I could not believe what I'd just seen and heard. 

"Did I just bite you?!"

She stood there stunned. "Yes."

[More silence]

"I'm sorry."

And then I burst out laughing like a maniac. This had to be one of the most insane things I'd ever done!

I hadn't hurt her too badly. She smiled but was clearly still in shock.

"Do you get bitten often?" I asked still giggling.

"Once in a while," she said quietly as she looked down and paused, "but only by children."

This reply launched me even deeper into hysterical laughter.

I am an adult. An adult who bites people.

Well, already I knew that, but I usually just save all of my bites for Pauly. Just like he's the only one who gets all of my yells. I don't go and share these wild parts of myself with everybody. 

Whenever we drive into California and go over Donner Pass, I have this incredibly strong impulse to chew on someone. I shout "Donner Party of Two!" like I'm a hostess at a raucous restaurant and then start nibbling.
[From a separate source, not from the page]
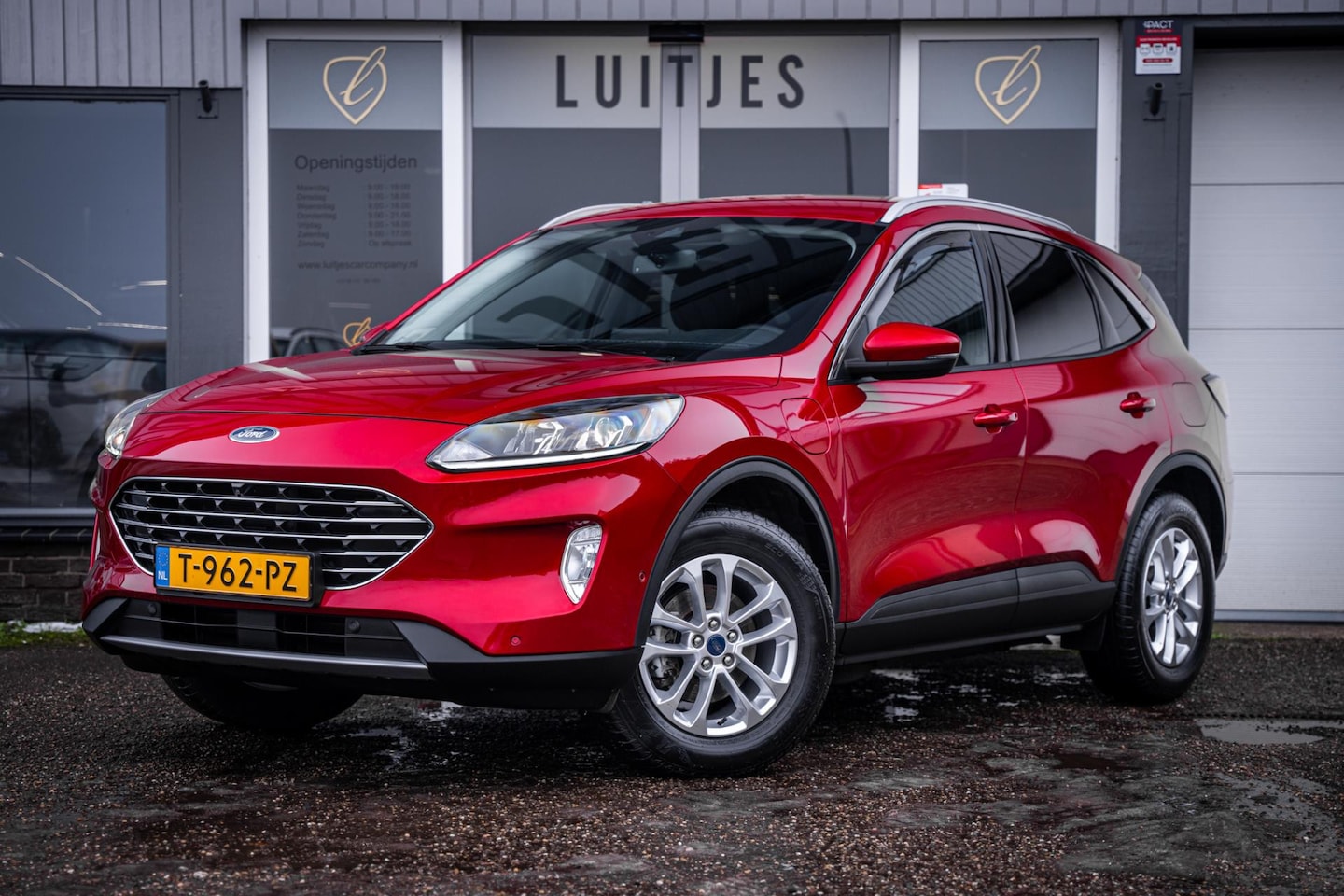 Ford Kuga - 2.5 PHEV Titanium I Winterpack I Trekhaak I ACC I Camera I NL-auto I 1e-eig. I NAP I Nieuw - AutoWereld.nl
Yes, I know it's not safe to bite the driver but because there isn't a "No Biting and Driving" PSA campaign (somebody get on that!), I go ahead and gnaw away.

The last time Pauly and I drove that route, between bites I suggested that we pull over and take a photo. Words cannot express how happy this picture makes me!  We named the photo "Donner Pass Snack Attack" and it brings endless joy to my heart, probably because Pauly loves me enough to do something ridiculous like stop the car and let me chew on him in front of a camera. I absolutely adore him for that.

Donner Pass Snack Attack

Donner Pass Snack Attack

Several months later I was sitting in the chair at the dentist's office when my hygienist proudly announced that she now had long wands to place x-ray film in people's mouths so her fingers could stay out of harm's way.

"Oh, that's great!" I said. I was sincerely happy that she had fancy, new bite-free wand technology. It's not like I'm a vampire and can't wait to dig my teeth into people. Pauly's my only regular bitee.

My hygienist then lovingly reminded me that her hands were full of sharp instruments and if I tried to chew on her again, she could get me back pretty easily. I laughed. She laughed. We knew we had recovered well from our notoriously violent past, using humor to soothe the wounds and heal our relationship.

The appointment was just about to wrap up and we were both pleased with how things had gone. My mouth was squeaky clean and she had all of her fingers. Then while she was flossing my teeth, Sinead O'Connor came on the radio.

"Oooh, 90's at 9am!", she exclaimed.

I got excited, shouted "Awesome!" and bit her again.